XIIIe s. Tornée lor est la cheance Du dé en perte et mescheance, Hist. de France en vers à la suite du roman de Fauvel, ms. n° 6812, f° 72, dans LACURNE, au mot dé. Fors que Gentillesce sa fille, Cousine a prochaine cheance [a chance prochaine pour sa cousine], Tant la tient fortune en balance, la Rose, 6592. Nus deicier ne puet ne ne doit fere ne achater dez ploumez, quelque chance que il doinent [donnent], de quoi qu'il soient ploumez, soit de vif ou de plons, Livre des mét. 182.

XIVe s. … Point de plus vaillant homme, Ne qui plus de victores, pour vigueur, pour cheance, Heüst [eût] : quar douze fois [il] vainquit le roi de France, Girart de Ross. V. 278.

XVe s. Quand il cognoist qu'en hasart gist sa chance, Orléans, Rondeau, p. 288.

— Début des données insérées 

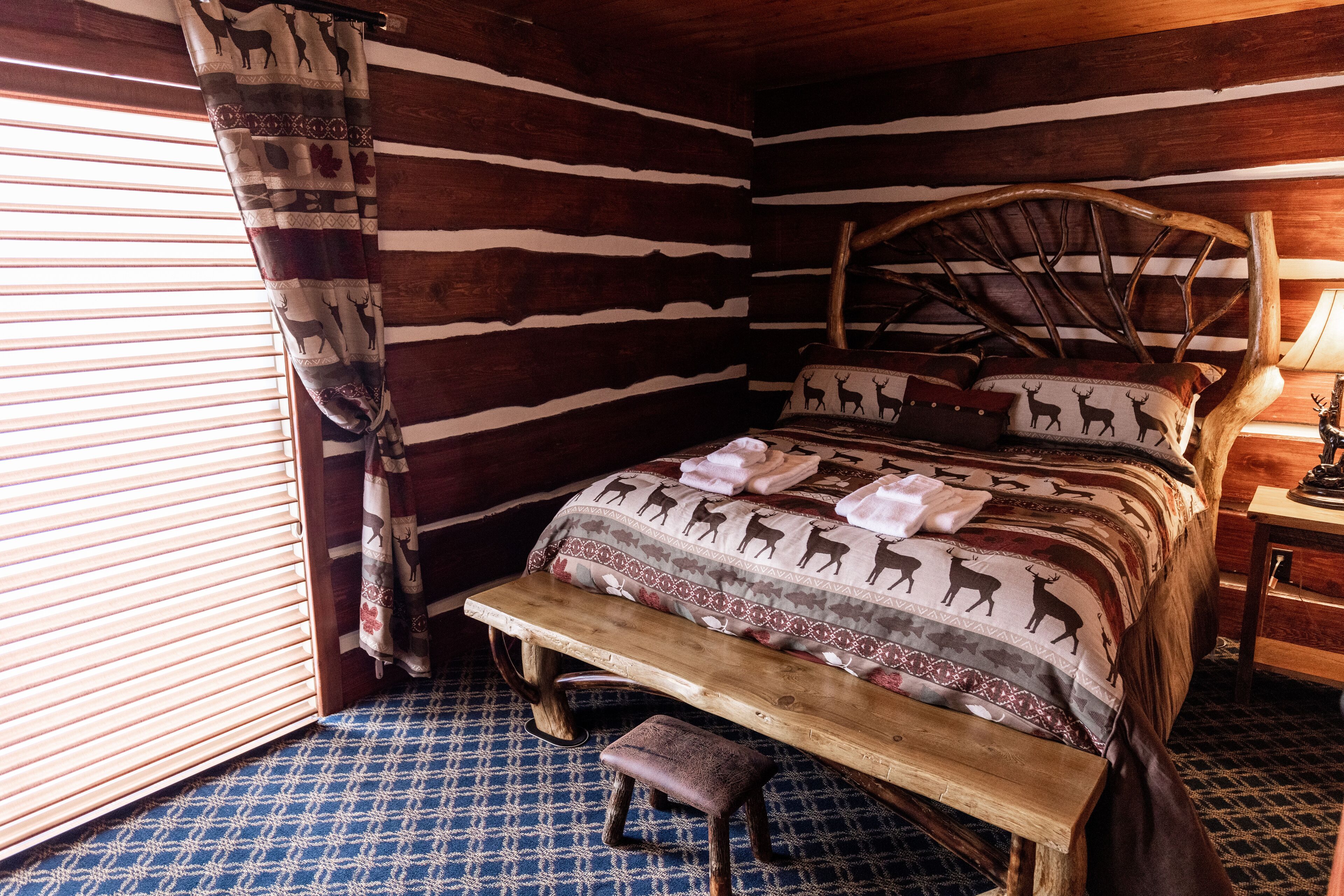 Une chambre rustique avec un lit orné de motifs animaliers, un banc en bois et une fenêtre avec des stores.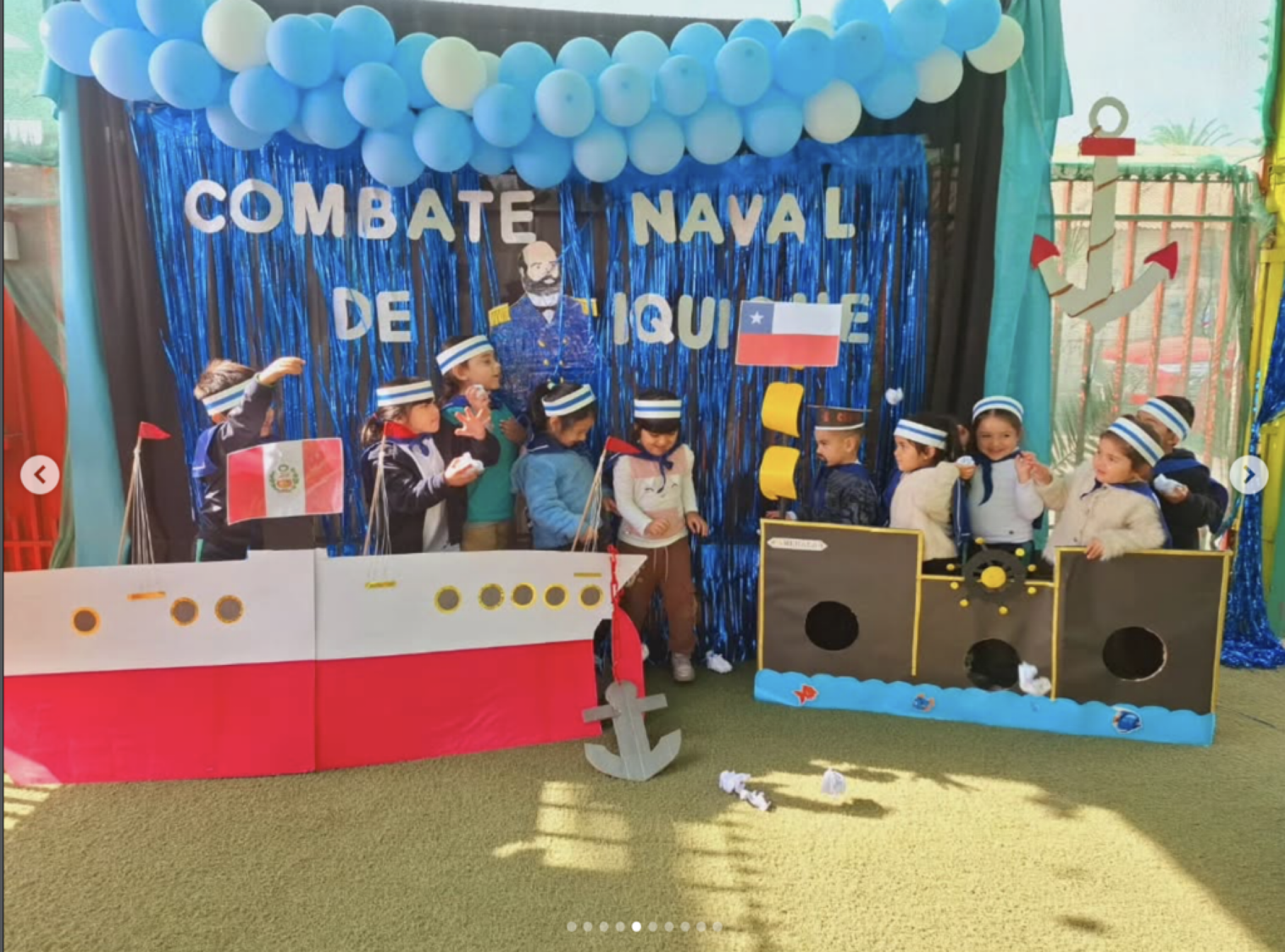 Niños en un escenario decorado con temática naval, con globos azules, un telón con guirnaldas azules, y figuras de barcos y anclas, participando en una actividad escolar sobre la marina y la naval.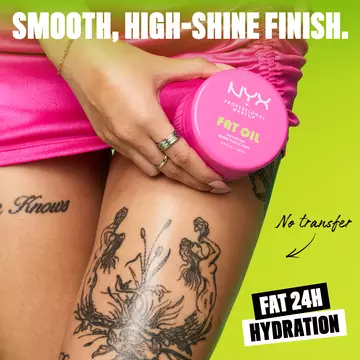 Model in pink skirt with black leg tattoos holding jar of Suga Baddie Body Butter on lime green background. Text at bottom of image: Fat Oil Body.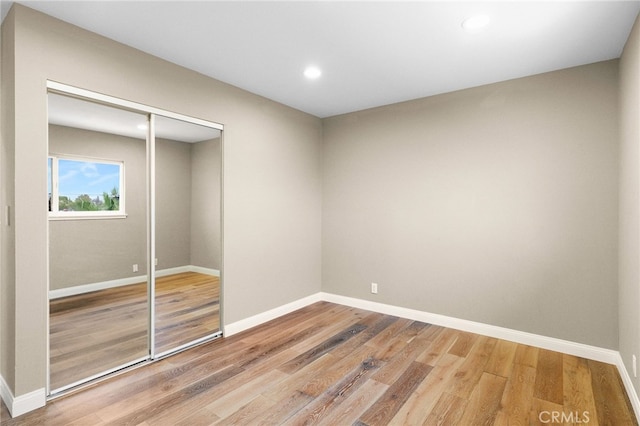 unfurnished bedroom with wood-type flooring and a closet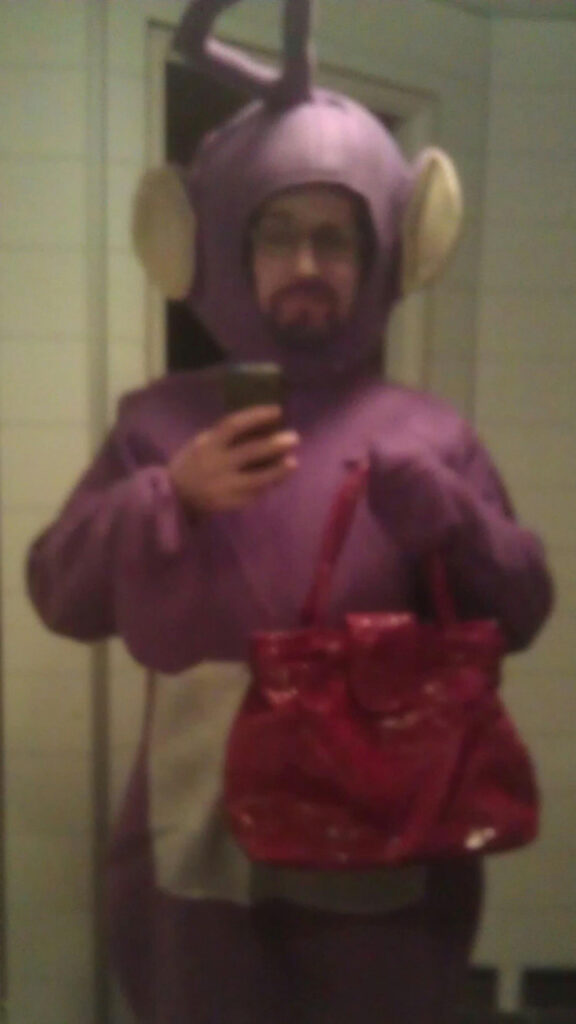 I'm dressed as Tinky Winky from The Teletubbies. It's a full-body purple suit with large ears, a silver tummy and an antenna on the head. I am holding a red purse. I am taking a selfie in a mirror. The image is a bit fuzzy, but we see that I have colored my beard purple to match the suit. (I had to shave the beard afterwards because the temporary color turned out to be permanent.)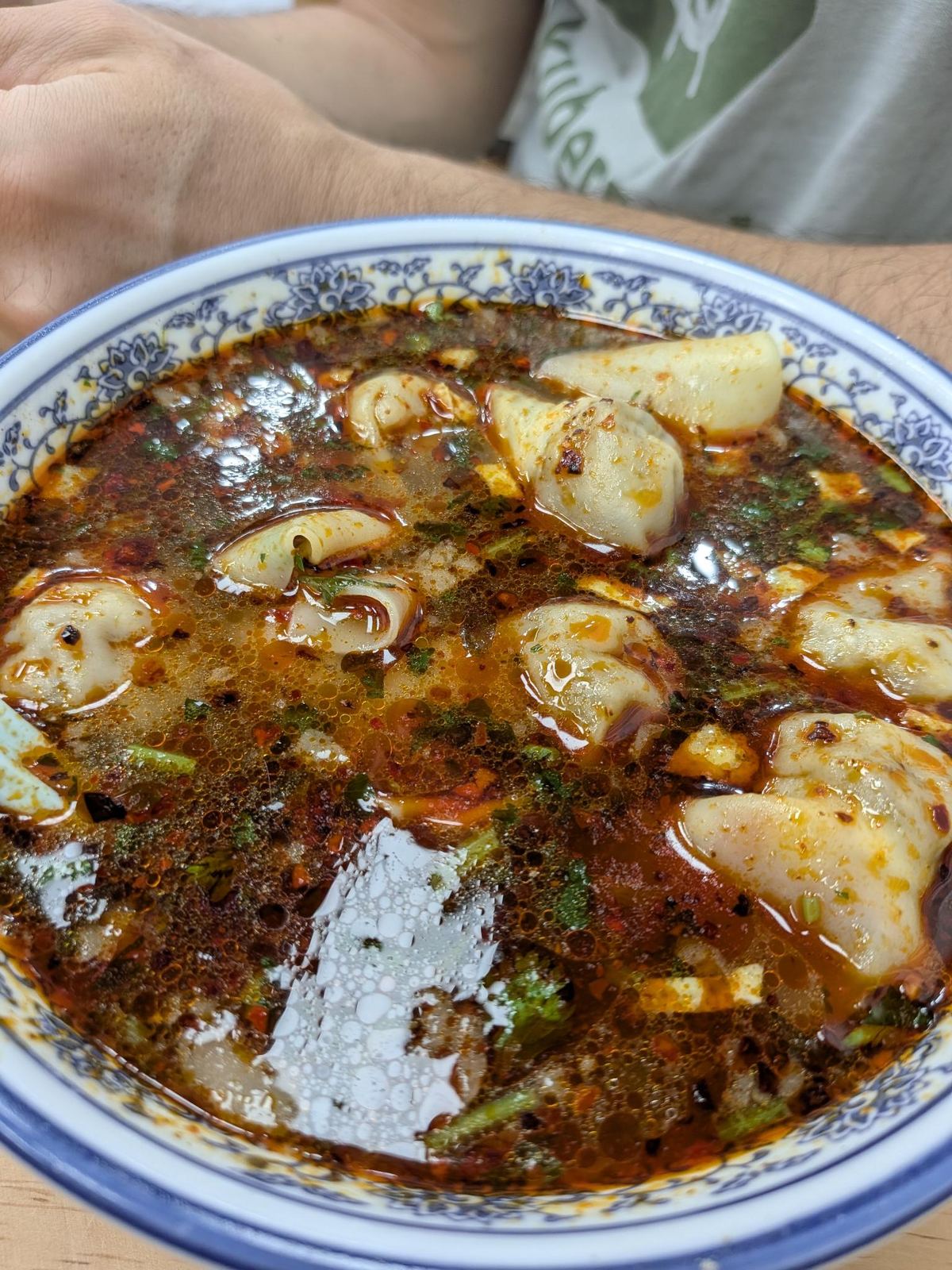 Bol épicé à l'huile de piment, wontons flottants et herbes vertes, bol bleu et blanc
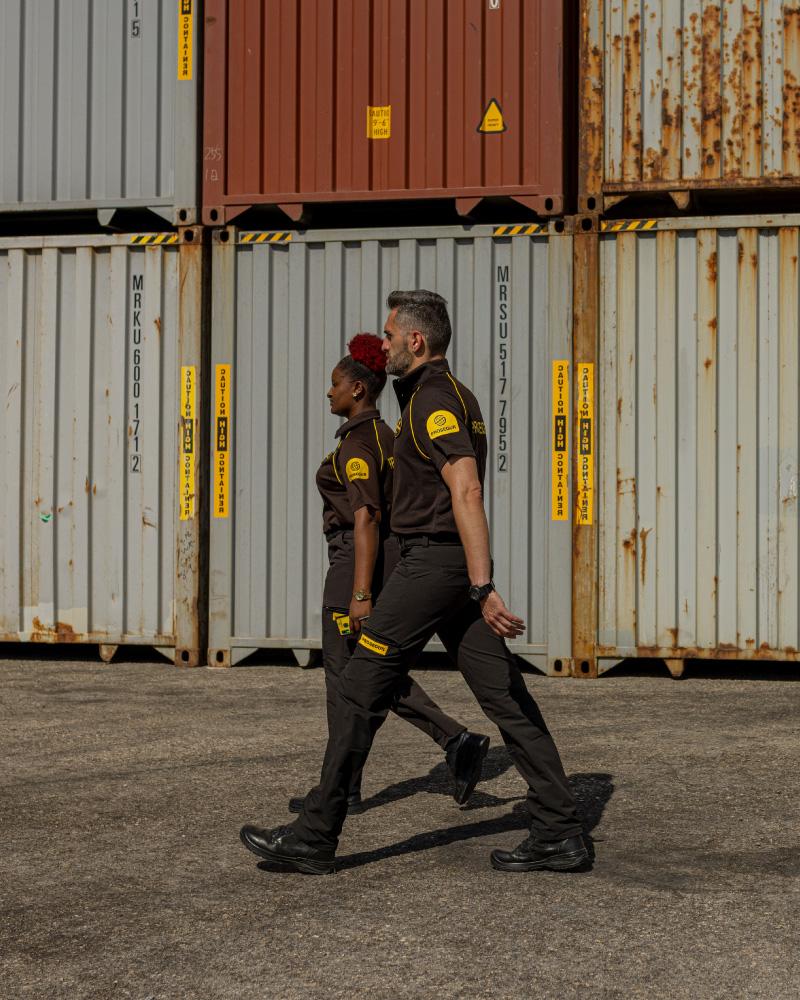 Two Prosegur security guards walking their port security patrol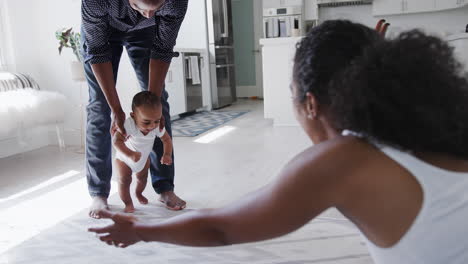 parents encouraging smiling baby son to take first steps and walk at home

XVIe s. Je pose sus le bout de la table en mon cabinet tous les sacs du deffendeur, et lui livre chance premierement [je jette les dés pour lui], Rabelais, Pant. III, 37. Là [il] jouoyt à la blanche, à la chance à trois dez, à la table…, Rabelais, Garg. I, 22. Maintenant la chance est tellement tournée, qu'ils sont devenus cousins des rois et des empereurs, Calvin, Instit. 919. J'aime mieulx me resouldre à quelque party que ce soit, aprez que la chance est livrée [le sort jeté, l'affaire engagée], Montaigne, III, 47. Mais si la chance tourne…, Montaigne, IV, 53. Ce fut lui qui livra de chance [donna le signal, commença], en criant, haut les bras, D'Aubigné, Hist. II, 393. Ce petit combat livra de chance, et resveilla les uns et les autres à la guerre, de laquelle on doutoit auparavant, D'Aubigné, ib. II, 433. Il avoit le jour precedent gaigné six mille escus à la chance à trois dez, Carloix, III, 20. J'ay joué comme aux dés mon cœur et mes amours ; Arriere bien ou mal, la chance en est jettée, Ronsard, 229. Il n'est chance qui ne retourne, Leroux de Lincy, Prov. t. II, 314.

ÉTYMOLOGIE

Picard, cince ; anc. franç. cheance, du part. cheant, de choir. Provenç. cazensa ; ital. cadenza ; bas-lat. cadentia, du latin cadens, tombant, de cadere, choir (voy. CHOIR) ; comparez CADENCE.